“I was going to call attention to that speck of soot that has just settled on your nose—your first!” Mrs. Blair continued. “Ah! there you have it now!” she concluded as Mrs. Craighill found the offender with her handkerchief.

“That, we may say, marks your baptism into full citizenship,” beamed Colonel Craighill.

As the residential area unfolded itself, he named the owners of many of the houses they were passing, while Mrs. Blair summarized their history in short, amusing phrases. Wayne, sitting on the front seat, turned his head to throw in a word now and then; but for the greater part he kept his own counsel. He overheard his sister’s rapid survey of the social geography of the Greater City. She declared that there was no debating the claims of the East End to social supremacy, though there were what she called “nice people” in the red brick homes of transpontine Allegheny. “Dick Wingfield,” she quoted, “always says that in crossing the river, Charon and not the bridge company gets the fee. Dick calls the river the Stygian wave.” Mrs. Blair was not sure that Mrs. Craighill quite took this in, but it did not matter in one who smiled responsively at everything and appeared anxious to please.

There was the usual difficulty in explaining to a stranger the triangular shape of the city clasped by its two rivers that so quickly flow as one, and the fact that you may, if you like, take a boat here for New Orleans if you are bent upon adventure. “Are there suburbs?” Mrs. Craighill asked; and rising to this prompting Mrs. Blair flashed an illuminating glance upon Stanwixley, where, she conceded, there were delightful people, but why they should live where they did was beyond her powers of understanding. Colonel Craighill protested now and then, but smilingly, as one who would, at the fitting moment, pronounce the final word in all such matters. Greater philosophers than Fanny Blair have found it difficult to hit off in a few phrases the social alignments of the Greater City. Where there is no centre, no common and unifying social expression, it is not easy to find a point of departure. Even the terra sancta of the East End presents no stern walls to the newcomer who can provide himself with a house and a chef. And it is not correct to speak of social strata in the City of the Iron Heart, for the term implies depth, and the life here at this period was wholly superficial, a thing of geography and cliques, the one fairly rigid, the other unstable and shifting. But these were the Years of the Great Prosperity, a time of broad social readjustments and generous inclusion. Poverty alone, we may say, enforces the rules of exact social differentiation; there has never been in America any society so scrupulous, proud and sensitive as that of the Southern cavaliers when they threw off their armour and returned to their despoiled estates.

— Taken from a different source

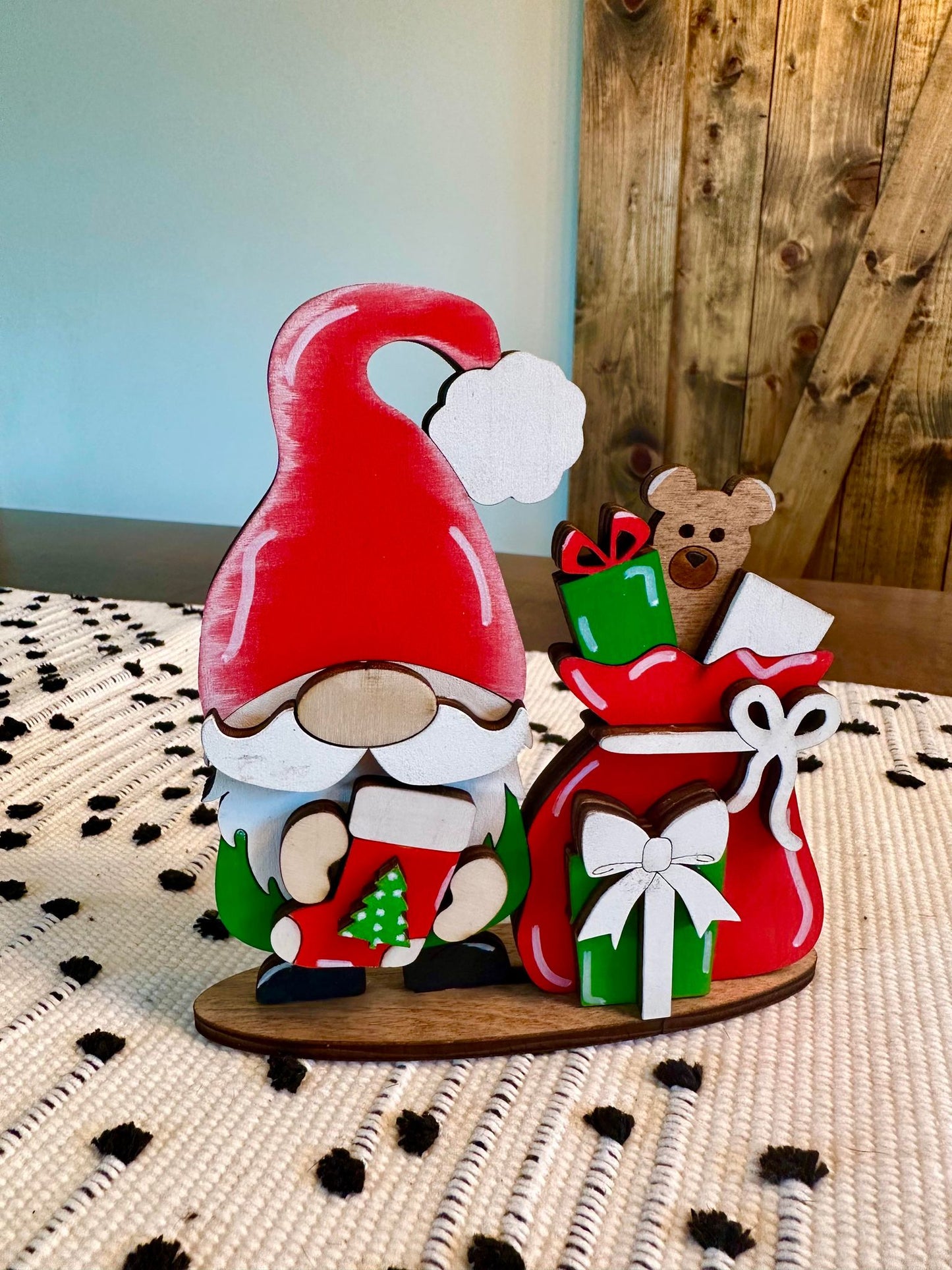 3D Christmas Standing Small Gnomes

It did not seem possible during these bountiful years that the wolf would ever yelp in the steep cañons of the Greater City, or that steel, iron and coal could ever less magically change to gold. It was, indeed, inconceivable that the prosperous citizens would not forever disport themselves in the glittering hotels of New York and go on discovering, like so many Columbuses, the delights of London and Paris. Nowhere were these Midases more in evidence than on the transatlantic steamers, where their millions were computed in awed whispers by less favoured travellers and the stewards danced with unwonted alacrity in the confident hope of largess.

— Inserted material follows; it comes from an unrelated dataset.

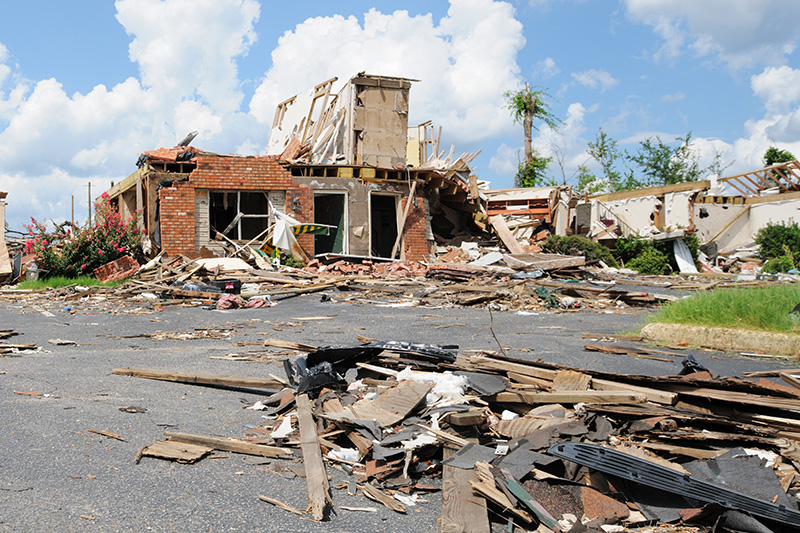insurance, tornado damage, hurricane, wreck, building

“It’s our American habit”—Colonel Craighill was saying—“and not a bad trait, to believe our own state and our own city and our own quarter of the block where we live the most ideal place in the world. And this, Adelaide, is home!”

Mrs. Blair flung off her wraps in the hall and went to the dining room to interview the maid about breakfast. She arranged with her own hands the roses she had sent for this first table, and, this accomplished to her satisfaction, she peered into the cabinet that held the best of her mother’s Sevres with a lingering regret that she had not made way with it while there was yet time; for Mrs. Blair was eminently human, and women are never so weak as before the temptation to loot. She heard her father’s voice above, describing to his wife the character of the upper chambers and she joined Wayne in the library where he stood in the bay window looking out upon the thinning boughs of the maples.

“Well,” she exclaimed with a half sigh, “the worst is over.”

“You’ve done bully, Fanny. You’ve risen to the occasion!”

“Oh, it might be worse! It might be infinitely worse. What do you think of her?”